# Shrimp death: copper from plants: water change?



## Bees in Art (Dec 21, 2012)

Hello,

I introduced 10 red cherry shrimp to my aquarium. Which was formerly home to goldfish and then guppys. Water was newish but gravel etc was old but washed. Same day I introduced new plants. Shrimps were happy for awhile and then all died off. Then I read (stupidly after intro!) the plant sellers instructions which actually warned that plants had been treated with copper and should be be thoroughly washed with several water changes before introducing to tank with inverts. I'd had plants soaking for a couple of days before introduction but didn't rinse off. Guppies absolutely fine.

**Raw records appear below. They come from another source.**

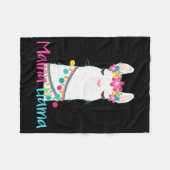 Mama Llama Funny Mother's Day Shirt For Women Mom  Fleece Deken (Voorkant (Horizontaal))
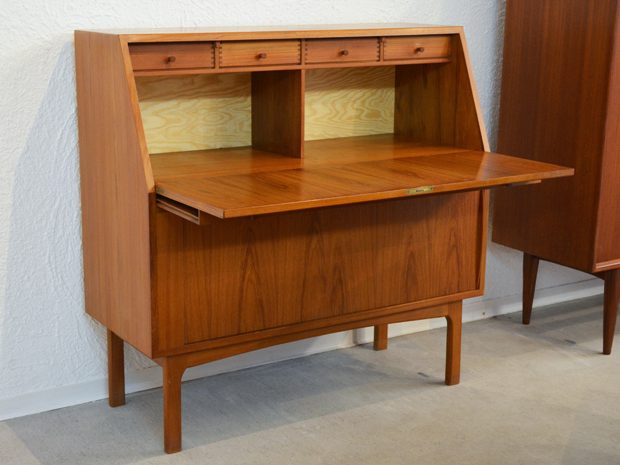 Sekretär Teakholz von Bernhard Pedersen & Son, DK / H 103cm x B 105cm x T 43cm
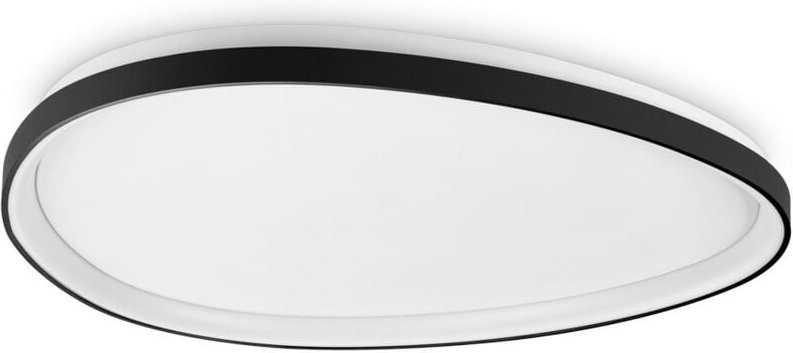 Ideal Lux GEMINI 81cm LED Integrierte LED Halbbündige Deckenleuchte Schwarz 2700K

I'd really like to introduce shrimp but obviously now very wary of the copper. What should I do to remove it from the tank? Hopefully the meadures not to drastic?

Thanks,

Andrew


----------



## jrman83 (Jul 9, 2010)

Copper is deadly, but what about the other water parameters? RCS are some of the most tolerable, but shrimp are susceptible to TDS, ph, gh levels. Did you properly acclimate them over a period of least an hour before introducing into the tank? What gh, ph, TDS, did they come from - did you ask the seller?


----------



## coralbandit (Jul 29, 2012)

1^ If copper truely turns out to be problem(I would check all jrman said first) ,Seachem Cuprisorb is a synthetic resin(sold in large jars, or packets) that specifically removes copper.It probably will not yield instant results but over the course of a week should remove any copper you have.a copper test kit may help you know exactly what copper level is also(color changing titration formula ,not the easiest to read low levels).The packet treats 100 gallons I think,so that placed in filter(or direct flow somewhere) should help.Copper is a killer(pesticide).


----------



## Bees in Art (Dec 21, 2012)

Thanks for the help. 

I did acclimatize the shrimps and they appeared quite happy - these were red cherry shrimp, chosen for their tolerance of wide water parameters. Seller did say that ammonia in a newly set up tank could be a problem - perhaps planting disturbed gravel and waste/ammonia?

I'll buy a test kit and see about parameters. Will try the Seachem Cuprisorb too.

Thanks,

Andrew


----------